# Carbon Seatposts on a CX bike - yea or nay?



## mdutcher (May 1, 2005)

I am running a Ritchey WCS carbon post on my CX bike. What are the odds of a 150 lb guy breaking it upon a re-mount? Has this occurred with anyone out there? Thoughts, comments, feelings on the subject either good or bad is appreciated.

Thanks!


----------



## rjb294 (Jun 17, 2005)

mdutcher said:


> I am running a Ritchey WCS carbon post on my CX bike. What are the odds of a 150 lb guy breaking it upon a re-mount? Has this occurred with anyone out there? Thoughts, comments, feelings on the subject either good or bad is appreciated.
> 
> Thanks!


I say if you've got it...use it. Nothin wrong with a little carbon thrown in there.


----------



## OnTheRivet (Sep 3, 2004)

mdutcher said:


> I am running a Ritchey WCS carbon post on my CX bike. What are the odds of a 150 lb guy breaking it upon a re-mount? Has this occurred with anyone out there? Thoughts, comments, feelings on the subject either good or bad is appreciated.
> 
> Thanks!


Hard to say how likely that seat post is to break but when light durable aluminum posts are available is it a risk you want to take?


----------



## atpjunkie (Mar 23, 2002)

*well how many*

CF posts are designed with people jumping onto them 2x every 7 minutes?

what's the downside? Carbon shards in your taint

I say go for it

some pals of mine mfr a CF cx bike
they both use Thompsom Alu posts


----------



## EricN (Apr 9, 2009)

I watched a guy bust his carbon post remounting in a race last season.

Aluminum for me, thanks.


----------



## endure26 (Jan 27, 2005)

I've broken two carbon posts - they basically folded on me. I weigh more than you do at 180. A friend and fellow racer broke the carbon post that came on his Specialized Tricross mid-race last season and he's all of 150 soaking wet. His post snapped completely off and looked like a tribal spear - luckily it didn't get his undersides.

I've learned my lesson and run nothing but Thomson. Ironically, I broke one of my Thomson seat clamp bolts right after a cx race last season -- on my cool down.

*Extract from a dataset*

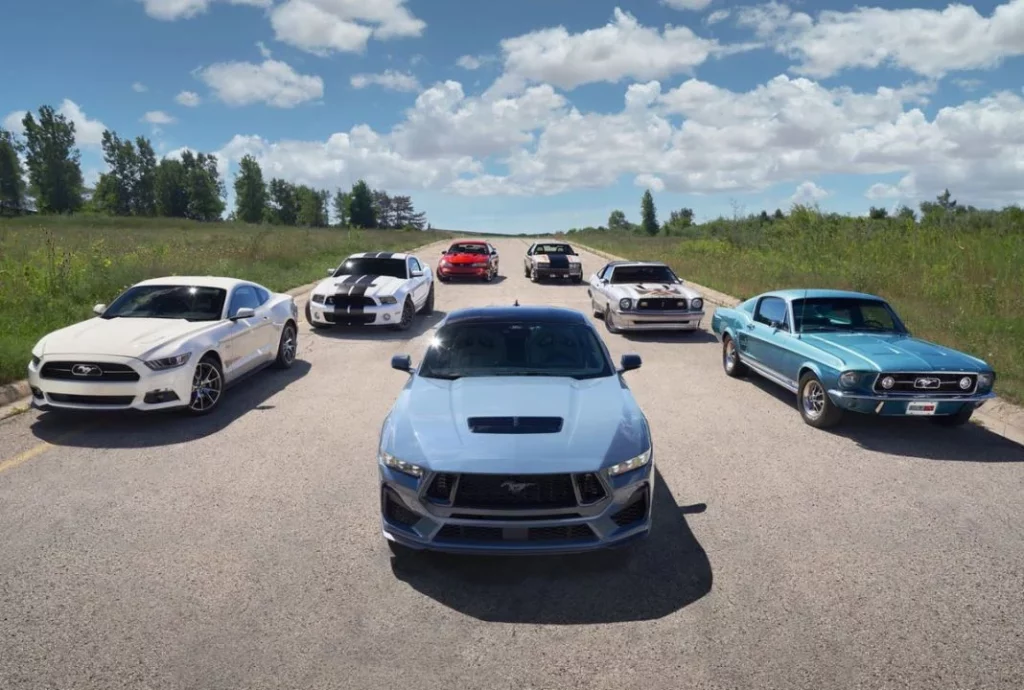 2024 Ford Mustang. Gama. Imagen generaciones.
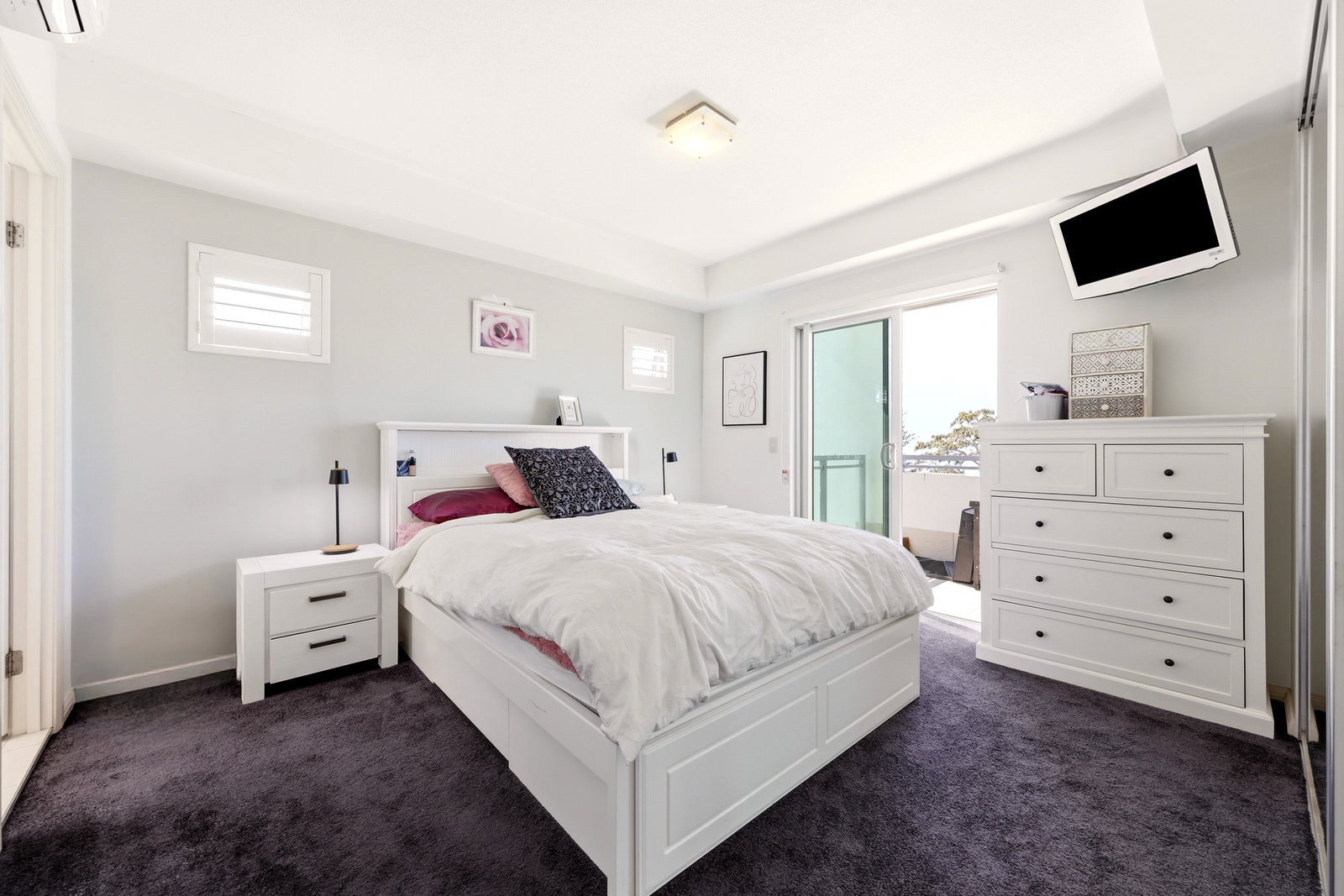 Listing image for 203/185 Redcliffe Parade, Redcliffe  QLD  4020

Ordered up a replacement and a spare. Seat posts take a lot of abuse in cross.


----------



## saird (Aug 19, 2008)

If you're breaking seatposts carbon or otherwise you're doing it wrong. Very very wrong.


----------



## Vegancx (Jan 22, 2004)

saird said:


> If you're breaking seatposts carbon or otherwise you're doing it wrong. Very very wrong.


I agree part of the problem is sometimes technique - jumping on the bike instead of stepping on the bike. 

Still, carbon posts aren't designed to take the kinds of forces we put on them in 'cross. That's why even folks with very good technique break carbon posts.


----------



## the mayor (Jul 8, 2004)

I've used USE carbon posts for years....one is from 1997..the others are 2001 and 2006. Never had a problem with any of them. I do about 20-30 races a years...and weigh between 160 to 210(currently 160).
One thing you can not do is clamp them in some bike stands...or over tighten the clamp collar.
your mileage may vary.


----------



## rkj__ (Mar 21, 2007)

I'd suggest aluminum.


----------



## dankilling (Aug 27, 2002)

Scary- Thompson only for my fat arse, please.


----------



## pretender (Sep 18, 2007)

It all depends on whether the seatpost is built from (a) carbon fiber, the material, or (b) carbon fiber, the marketing gimmick used to sell overpriced underbuilt components to weight weenies.


----------



## rkj__ (Mar 21, 2007)

pretender said:


> It all depends on whether the seatpost is built from (a) carbon fiber, the material, or (b) carbon fiber, the marketing gimmick used to sell overpriced underbuilt components to weight weenies.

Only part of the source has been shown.